**The data**
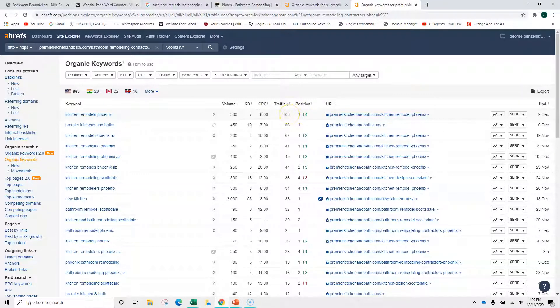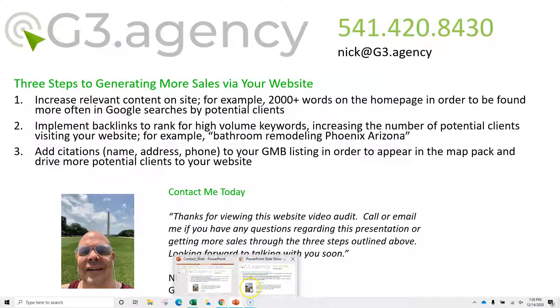They've got 105 people who visited their site for that term. 'Bathroom remodel Scottsdale' — 90 searches — they're in the first position. So with their content and their backlinks they're building their position within these keywords and getting found for all these searches. And these are definitely the same keywords you could target, even the same backlinks. So let's go to this piece.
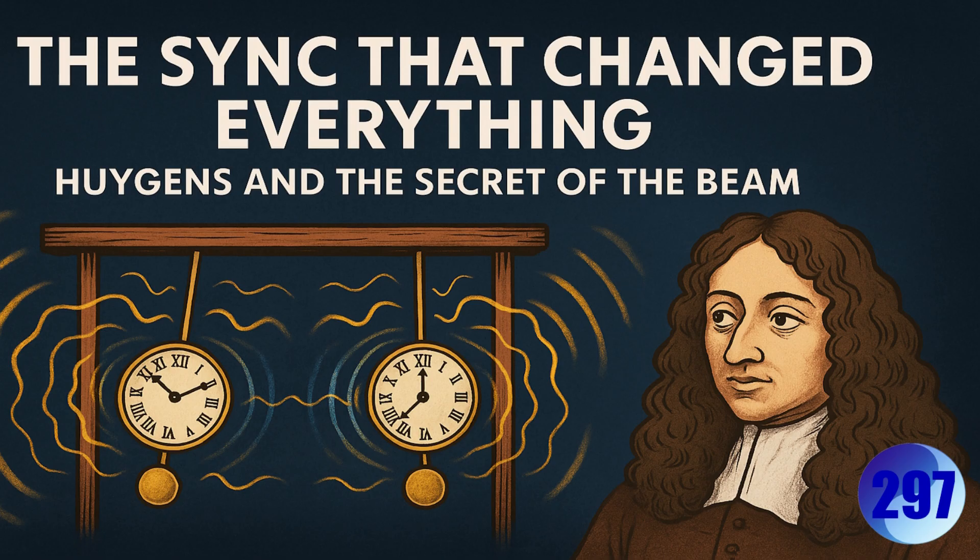Did Huygens understand what was going on? He called it an 'odd sympathy' — like they somehow felt each other. For centuries it was mostly seen as a mechanical curiosity, a quirk of the setup. But this motion theory framework says no — this wasn't just a quirk. This was the discovery of what they call the sync principle.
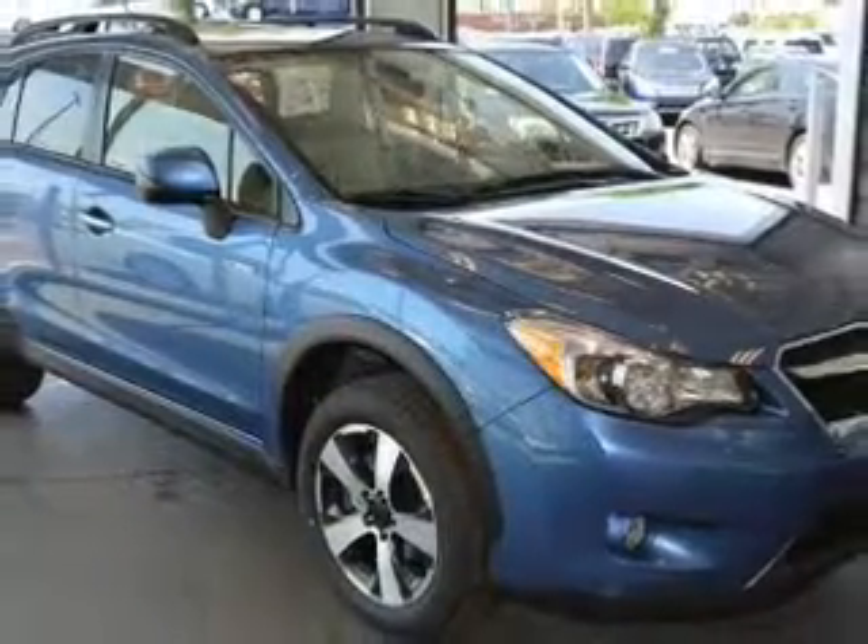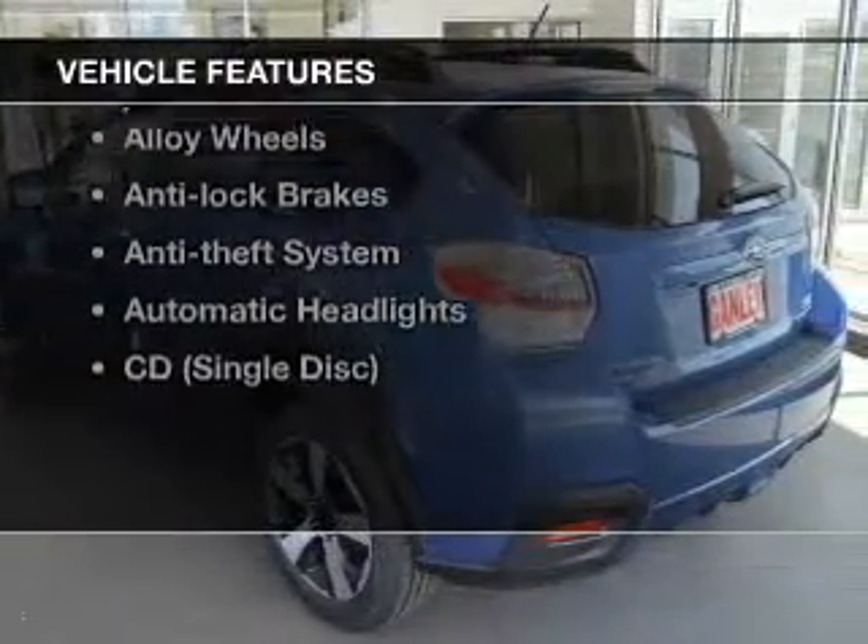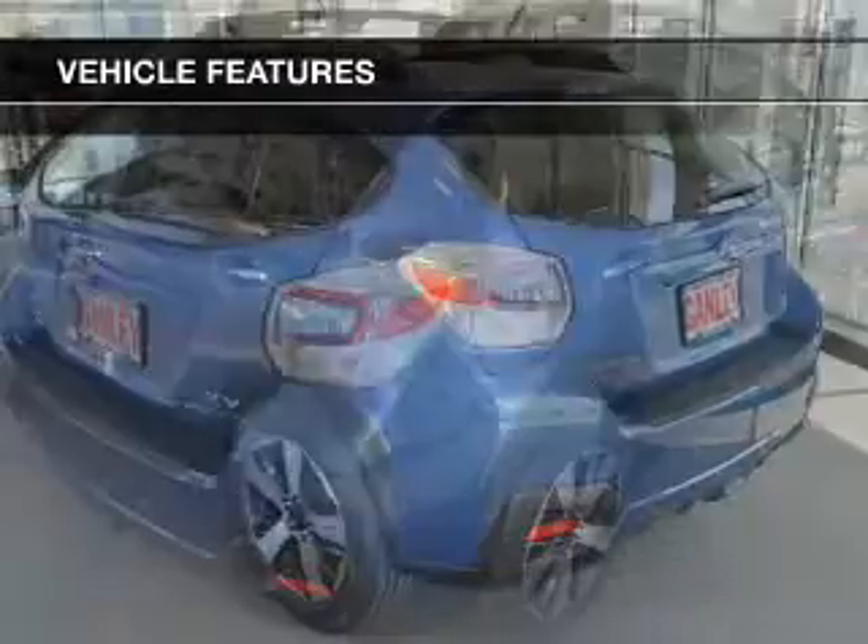Indulge in the comfort of heated seats. Let the outside in with the built-in sunroof, and with these notable features, you won't want to miss out on the opportunity to own this amazing ride.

**Directions for this task**
Please output the material above unchanged, apart from removing the pictures.

**Answer to the problem**
They've got 105 people who visited their site for that term. 'Bathroom remodel Scottsdale' — 90 searches — they're in the first position. So with their content and their backlinks they're building their position within these keywords and getting found for all these searches. And these are definitely the same keywords you could target, even the same backlinks. So let's go to this piece.
Did Huygens understand what was going on? He called it an 'odd sympathy' — like they somehow felt each other. For centuries it was mostly seen as a mechanical curiosity, a quirk of the setup. But this motion theory framework says no — this wasn't just a quirk. This was the discovery of what they call the sync principle.
Indulge in the comfort of heated seats. Let the outside in with the built-in sunroof, and with these notable features, you won't want to miss out on the opportunity to own this amazing ride.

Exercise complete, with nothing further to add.